=== What is expected ===
Repeat word for word the lines starting at the one with "Détail du sac" and ending at the final line of the material, both ends included; omit pictures.

=== Records for this exercise ===
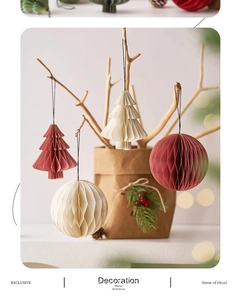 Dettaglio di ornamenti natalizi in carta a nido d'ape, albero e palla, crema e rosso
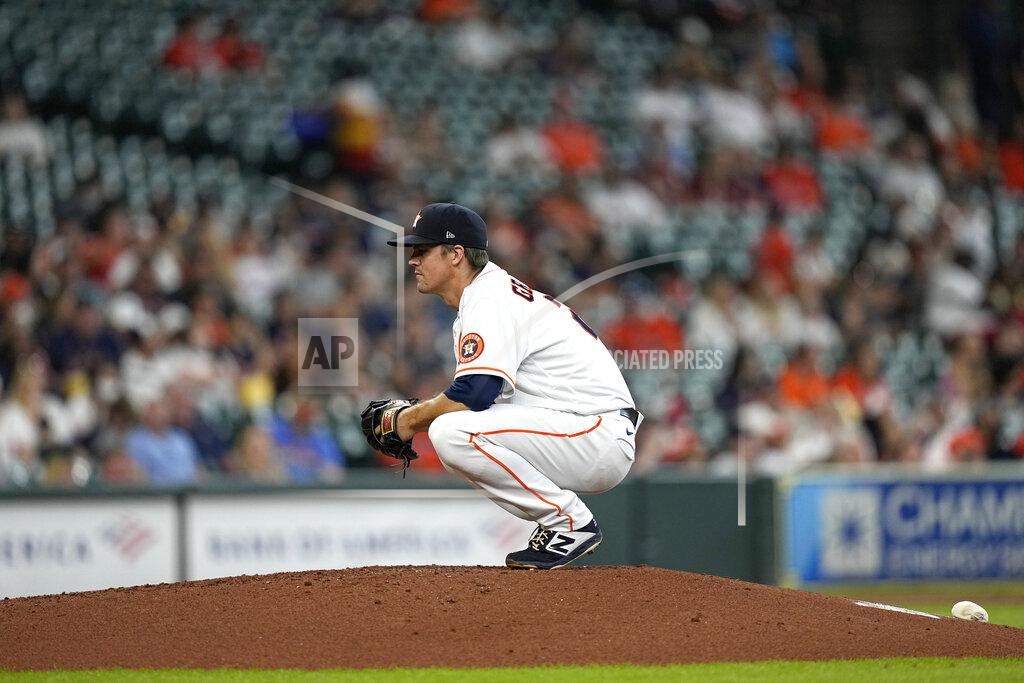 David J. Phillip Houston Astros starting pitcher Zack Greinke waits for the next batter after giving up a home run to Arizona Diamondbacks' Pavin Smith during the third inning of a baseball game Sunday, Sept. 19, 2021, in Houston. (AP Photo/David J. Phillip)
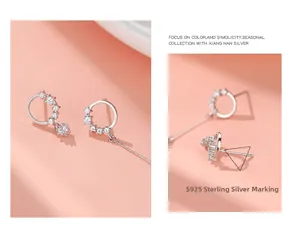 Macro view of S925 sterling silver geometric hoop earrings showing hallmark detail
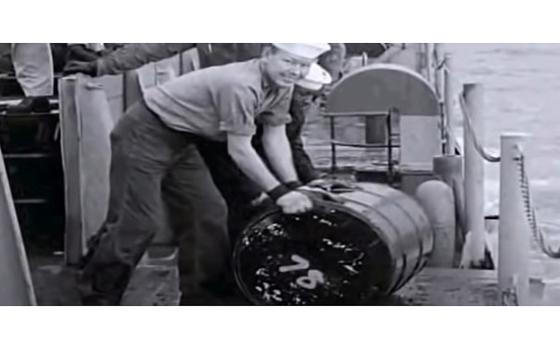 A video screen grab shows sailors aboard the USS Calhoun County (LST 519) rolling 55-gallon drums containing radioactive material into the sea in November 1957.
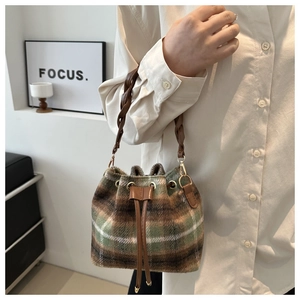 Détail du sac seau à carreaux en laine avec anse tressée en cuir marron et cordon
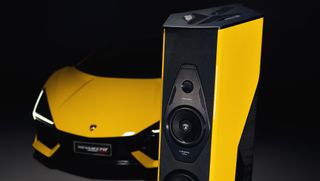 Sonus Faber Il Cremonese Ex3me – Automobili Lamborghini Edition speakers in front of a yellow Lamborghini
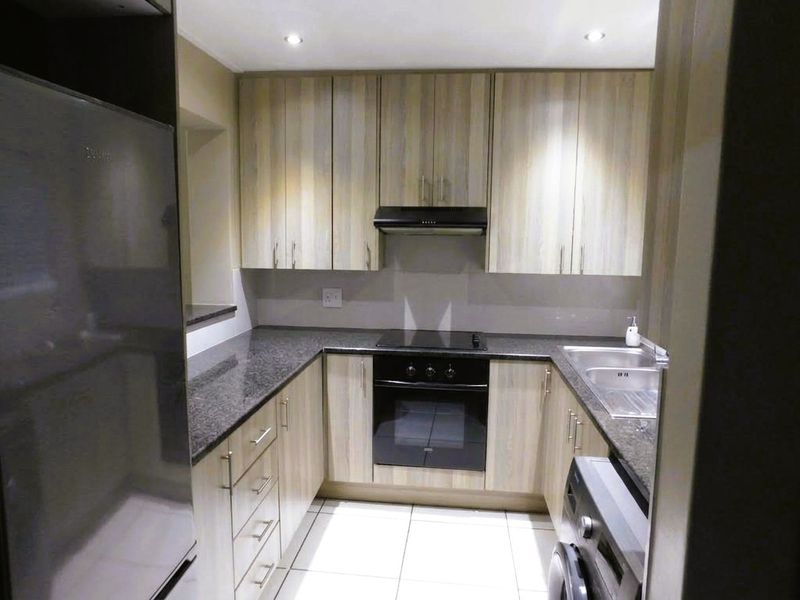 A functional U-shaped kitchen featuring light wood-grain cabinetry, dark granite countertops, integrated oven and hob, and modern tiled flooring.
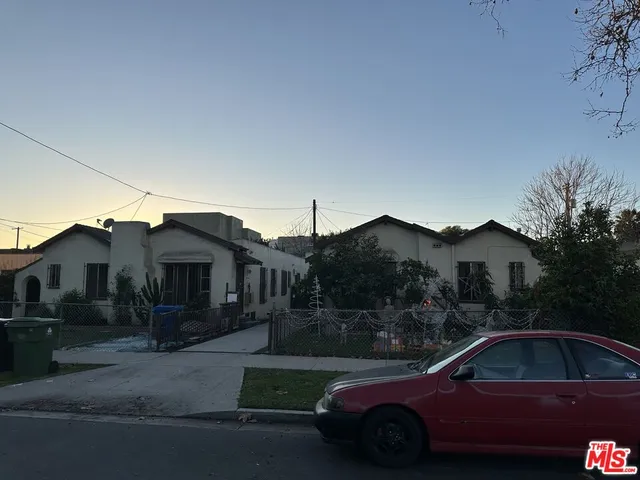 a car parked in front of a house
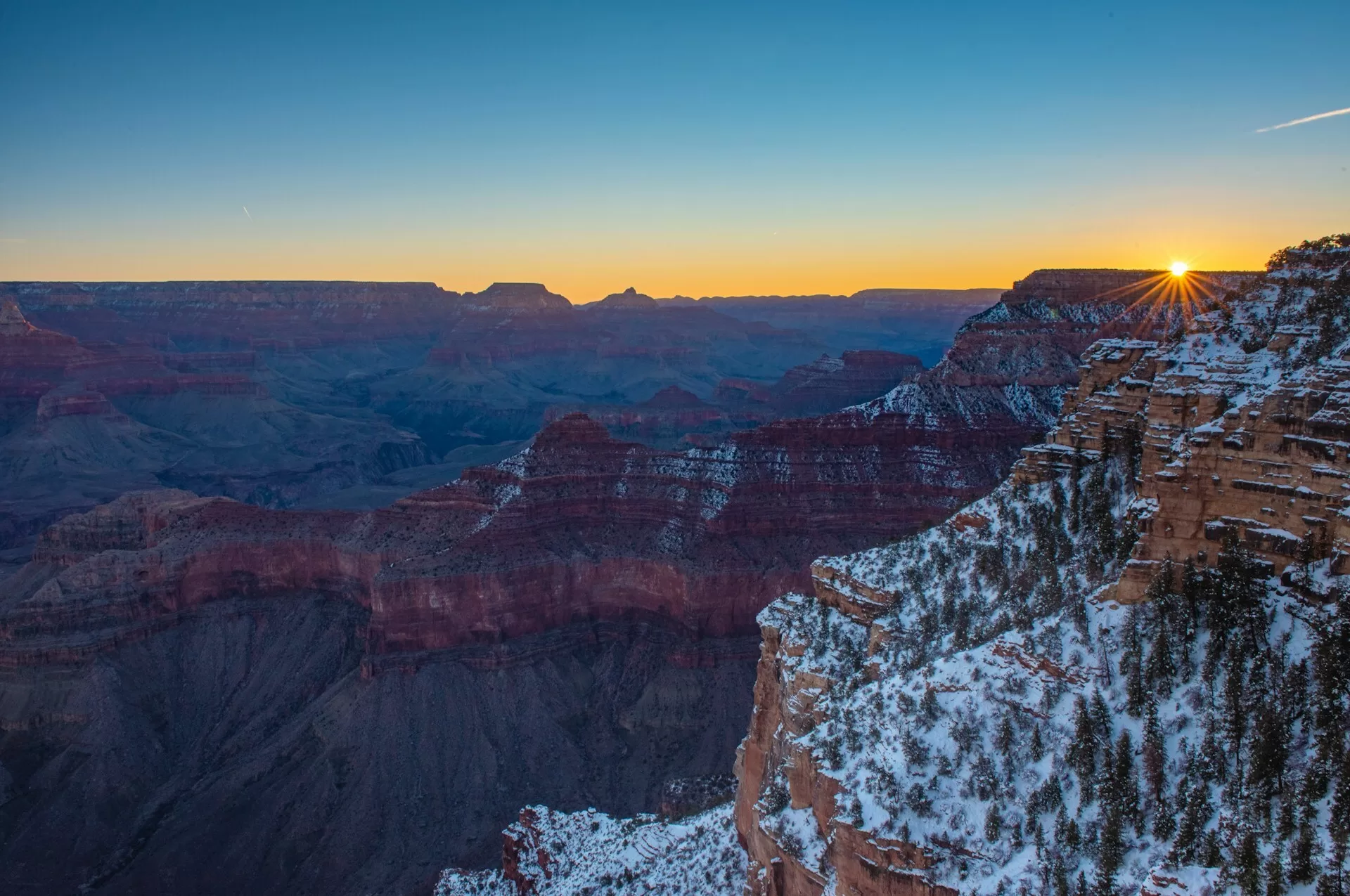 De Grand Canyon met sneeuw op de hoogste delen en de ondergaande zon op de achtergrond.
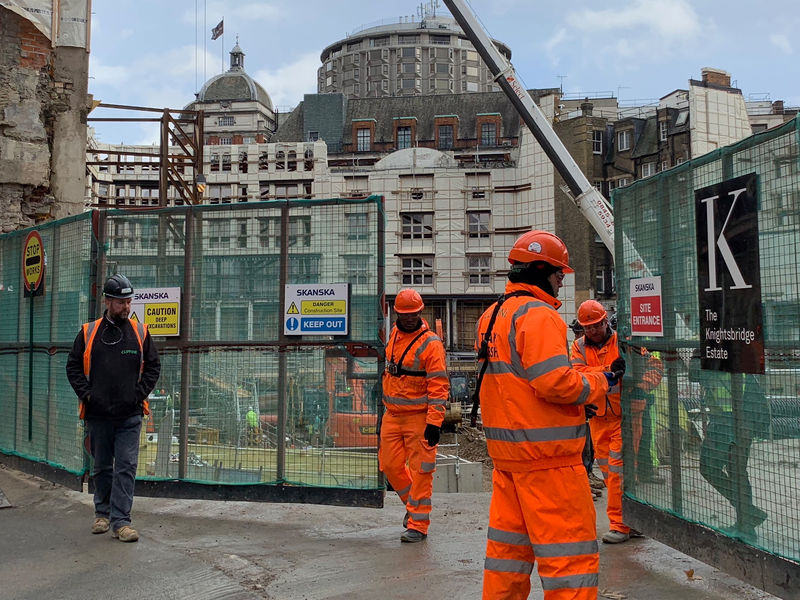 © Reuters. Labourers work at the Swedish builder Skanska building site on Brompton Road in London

=== Reply to the task ===
 Détail du sac seau à carreaux en laine avec anse tressée en cuir marron et cordon
 Sonus Faber Il Cremonese Ex3me – Automobili Lamborghini Edition speakers in front of a yellow Lamborghini
 A functional U-shaped kitchen featuring light wood-grain cabinetry, dark granite countertops, integrated oven and hob, and modern tiled flooring.
 a car parked in front of a house
 De Grand Canyon met sneeuw op de hoogste delen en de ondergaande zon op de achtergrond.
 © Reuters. Labourers work at the Swedish builder Skanska building site on Brompton Road in London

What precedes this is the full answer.